Devin · June 4, 2019, 3:43pm

I’m using keras with a theano backend on lxplus, and I’m having trouble understanding the output histograms from a regression problem or even if it’s working properly. I’ve attached my python script and a plot I discuss later.

Basically, I feed it 12 input variables, pass it through one hidden layer with 8 nodes (with relu activation), and read out one output node (linear activation) to predict a 13th variable. This 13th variable—time, in my case— is approximately normally distributed around 0.

I’m able to run without errors on my dataset, and it gives me some evaluation results showing an RMS for the test sample, which I believe should be the RMS for difference between the regression value and the true value. This RMS is significantly lower than the input RMS, so it seems like it’s doing its job.

However, when I try to look through the output plots, they’re a bit hard to decipher, and the documentation doesn’t have much on regression (mostly classification and regression is a side note).

The most confusing one is the plot showing the correlation between (regression - true) vs. true. If the regression is working, shouldn’t this relationship be flat? With my data, it’s a tight distribution with a slope of -1 (see attached plot). The RMS is the same as that quoted in the output on the command line.

Why am I getting such a distribution? Is it set up properly?

timingRegressionKeras.py (1.9 KB)
Screen Shot 2019-06-04 at 5.19.25 PM.pdf (141.3 KB)

couet · June 5, 2019, 7:06am

I think @moneta can help you.

Devin · June 11, 2019, 12:51pm

Anyone have any thoughts? I’m still confused about how to interpret these results. @moneta maybe?

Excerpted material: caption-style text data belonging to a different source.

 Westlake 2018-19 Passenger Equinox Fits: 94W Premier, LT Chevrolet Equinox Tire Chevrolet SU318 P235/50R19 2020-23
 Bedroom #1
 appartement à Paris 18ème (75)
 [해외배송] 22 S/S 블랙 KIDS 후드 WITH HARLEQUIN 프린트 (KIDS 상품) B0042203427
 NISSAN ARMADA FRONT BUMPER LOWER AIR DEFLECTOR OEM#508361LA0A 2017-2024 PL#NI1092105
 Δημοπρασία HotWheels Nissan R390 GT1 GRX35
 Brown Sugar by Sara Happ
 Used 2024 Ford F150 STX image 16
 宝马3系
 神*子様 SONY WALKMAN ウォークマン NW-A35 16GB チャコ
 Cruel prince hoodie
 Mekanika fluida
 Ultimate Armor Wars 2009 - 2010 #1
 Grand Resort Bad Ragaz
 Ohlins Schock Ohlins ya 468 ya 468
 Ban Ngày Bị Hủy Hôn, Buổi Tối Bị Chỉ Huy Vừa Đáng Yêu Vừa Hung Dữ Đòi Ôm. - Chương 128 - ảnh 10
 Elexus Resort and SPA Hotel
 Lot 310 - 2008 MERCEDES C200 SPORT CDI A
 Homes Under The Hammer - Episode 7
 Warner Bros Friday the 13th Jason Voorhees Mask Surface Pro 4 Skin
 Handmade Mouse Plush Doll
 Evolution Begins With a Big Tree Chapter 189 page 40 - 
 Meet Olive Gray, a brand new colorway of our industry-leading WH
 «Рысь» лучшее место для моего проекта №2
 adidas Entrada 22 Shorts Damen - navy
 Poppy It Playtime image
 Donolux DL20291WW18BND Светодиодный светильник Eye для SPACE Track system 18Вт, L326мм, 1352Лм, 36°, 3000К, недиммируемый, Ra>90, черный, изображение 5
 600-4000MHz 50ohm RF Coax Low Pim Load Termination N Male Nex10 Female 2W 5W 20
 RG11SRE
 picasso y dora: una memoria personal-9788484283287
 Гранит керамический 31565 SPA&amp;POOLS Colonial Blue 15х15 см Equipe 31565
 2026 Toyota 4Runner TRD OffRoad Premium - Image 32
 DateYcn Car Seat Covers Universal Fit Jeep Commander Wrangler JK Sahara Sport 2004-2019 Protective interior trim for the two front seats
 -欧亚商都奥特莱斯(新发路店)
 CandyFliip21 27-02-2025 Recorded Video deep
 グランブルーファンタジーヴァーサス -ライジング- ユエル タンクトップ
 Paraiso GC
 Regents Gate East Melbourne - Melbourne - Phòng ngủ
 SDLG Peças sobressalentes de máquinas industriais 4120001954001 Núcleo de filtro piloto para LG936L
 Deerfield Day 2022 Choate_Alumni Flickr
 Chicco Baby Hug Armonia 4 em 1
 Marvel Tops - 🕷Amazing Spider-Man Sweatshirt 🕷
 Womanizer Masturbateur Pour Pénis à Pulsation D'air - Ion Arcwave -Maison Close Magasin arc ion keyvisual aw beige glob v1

kialbert · June 14, 2019, 10:37am

Hi,

Indeed as you say the correlation plot output-truth vs truth should be flat if the regression is working. A tight slope of -1 is consistent with the output being always 0… Maybe posting the output log will give some more insight of what is going on?

Also maybe @swunsch can enlighten us?

Cheers,
Kim

Devin · June 14, 2019, 10:58am

Hi Kim,

If the output were always 0, wouldn’t the slope be exactly -1? Here, there’s apparently some spread, so it seems like it’s doing something…

I’ve attached an output log (note: this might have slightly different settings, but the results are qualitatively the same).

Best,
Devin

TMVAOutput.txt (39.0 KB)

kialbert · June 14, 2019, 11:23am

Hi,

Sure! I only meant the flatter the better

I’ll try taking a look at the log ”soon”…

Cheers,
Kim

Chinmay · February 10, 2023, 9:48am

Hi, If I have more than one variable that is added by using Addvariable, then how many target variable I have to add and how?